DRB has it on this page (scroll down), but we don't know what is the original source, as it came inside anonymous email. I tried to search for it using TinEye -- but it did not pick up the original either.

So could the concept for that illustration have filtered from DRB to The New Yorker just in time for the Dec. 22&29 issue? Possibly, depending on the magazine's production schedule. But possibly not. I finally got a bright idea and asked Christoph Niemann. Am awaiting his reply.

PPS: This just in, and I'm grateful to have it, so I can do him complete justice:

Dear Jan Herman,

Thank you for your note.

Obviously it is an awkward moment to have one's illustration displayed in the context of being conceptually similar to another picture.

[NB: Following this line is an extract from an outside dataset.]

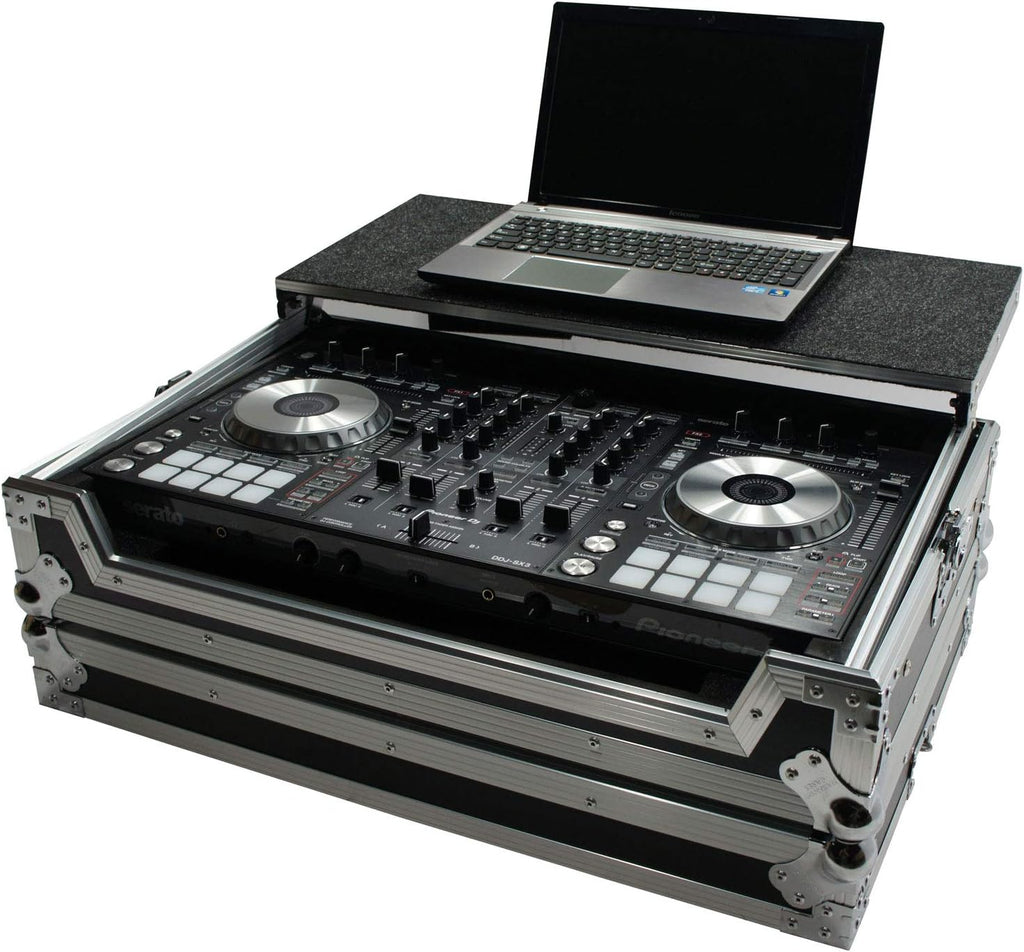 Harmony Audio HCDDJSXLT Flight Glide Laptop Stand Tray DJ Custom Case Compatible with Pioneer DDJ-SX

Nonetheless, I can state with utter confidence that I haven't seen the (beautiful!) photo of the person with the book before. This is certainly not the first (or last) time I have found myself in a situation like this (and I can happily state that I have been on the other side of the equation more often).

I have built my whole career on coming up with original visual ideas. This is obviously impossible, given the amount of pictures that are being constantly created. But if I even have the faintest suspicion that an idea I come up with may have been derived from a concept I saw somewhere else, I run as fast as I can and will come up with something else.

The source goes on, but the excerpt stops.